3. Keadilan (Al-‘Adl)
Keadilan adalah fondasi kepemimpinan. Pemimpin harus adil kepada seluruh rakyat, tidak zalim, dan tidak memihak hanya pada kelompok tertentu.
4. Kapabilitas dan Amanah
Seperti perkataan Nabi Yusuf ‘alaihissalam, “Berilah aku kekuasaan, karena aku adalah penjaga yang berilmu” (QS. Yusuf: 55).
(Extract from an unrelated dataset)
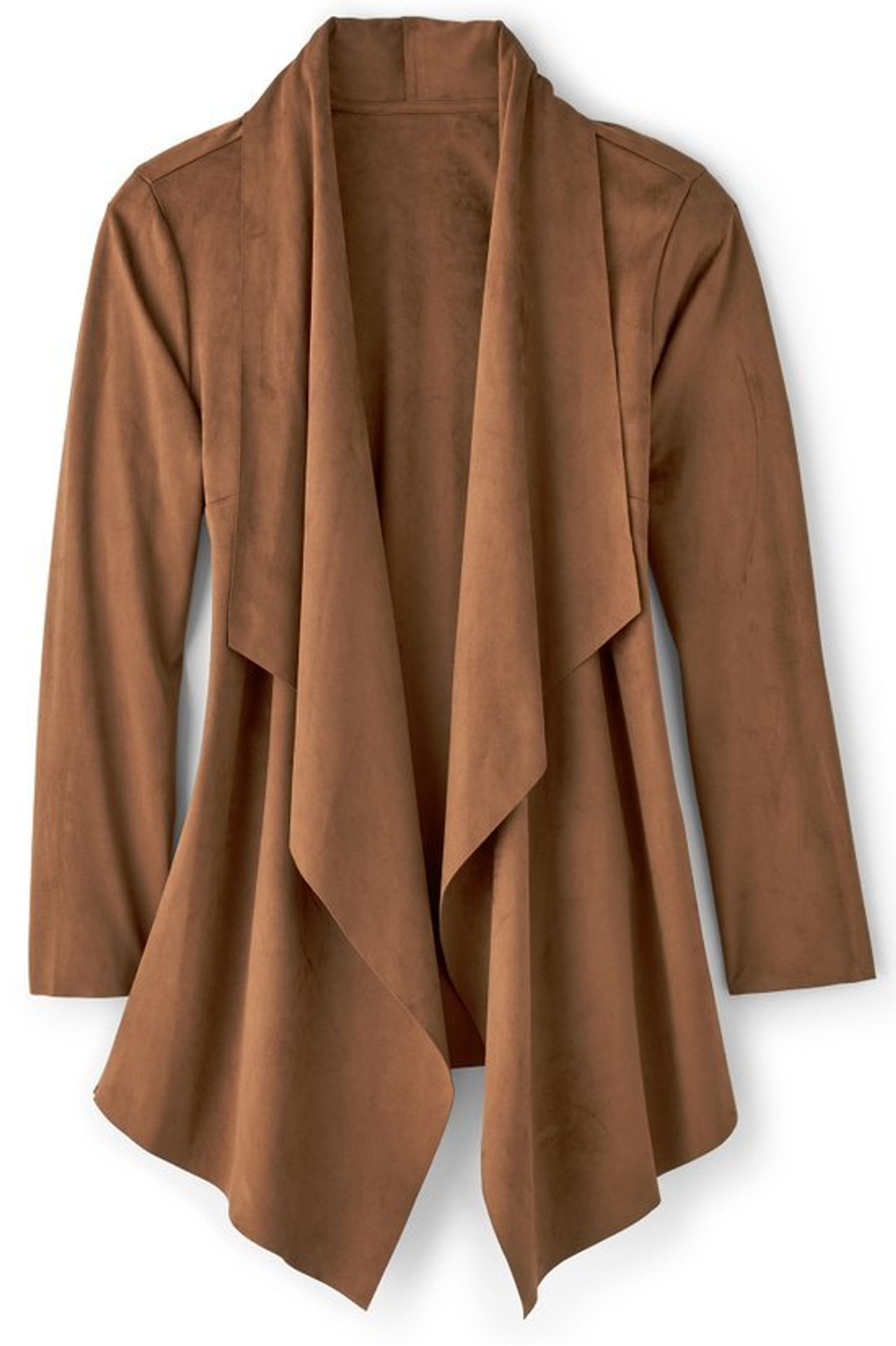 Shape Drape Faux Suede Jacket - Soft Surroundings Outlet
Pemimpin harus kompeten, jujur, dan mampu mengelola urusan negara.
5. Menjaga Hubungan dengan Ulama Ahlusunnah
Pemimpin yang baik akan mendengarkan nasihat ulama yang berpegang pada manhaj salaf, bukan mengasingkan mereka atau berpaling kepada penasihat dari kalangan ahli bid’ah.
6. Menjaga Kemaslahatan Umat
Kebijakannya harus mengutamakan keamanan, stabilitas, dan kesejahteraan rakyat, serta melindungi hak-hak minoritas non-Muslim sesuai ketentuan syariat.
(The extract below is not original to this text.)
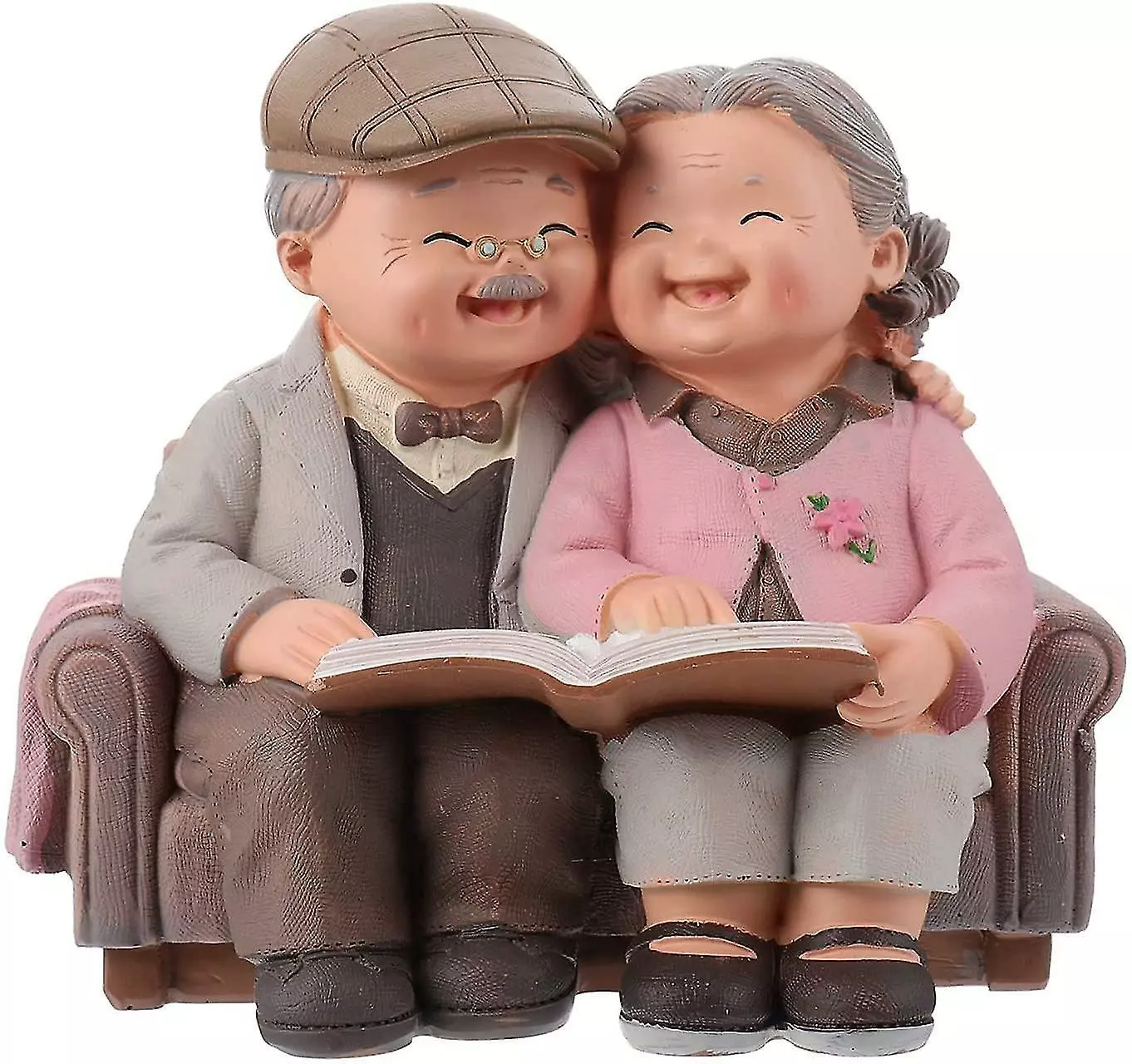 Glorious Love Grandparents Parents Anniversary Wedding Gift Resin Loving Elderly Couple Figurines Garden Ornaments Decoration (looking At The Photo) 3 Glorious Love Grandparents Parents Anniversary Wedding Gift Resin Loving Elderly Couple Figurines Garden Ornaments Decoration (looking At The Photo)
Bukan Fanatisme, Tapi Kewajiban Agama
Menolak pemimpin pelaku syirik bukanlah bentuk fanatisme politik, melainkan fanatisme terhadap tauhid. Ini adalah bagian dari penerapan “La ilaha illallah,” yang menuntut penolakan terhadap segala sesembahan selain Allah, termasuk dalam bentuk loyalitas politik. Sementara, memilih pemimpin yang bertauhid adalah bentuk ketaatan kepada perintah Allah, “Wahai orang-orang beriman, taatilah Allah dan taatilah Rasul, serta ulil amri di antara kalian” (QS. An-Nisa: 59). Taat kepada ulil amri hanya berlaku jika mereka tidak memerintahkan kemaksiatan.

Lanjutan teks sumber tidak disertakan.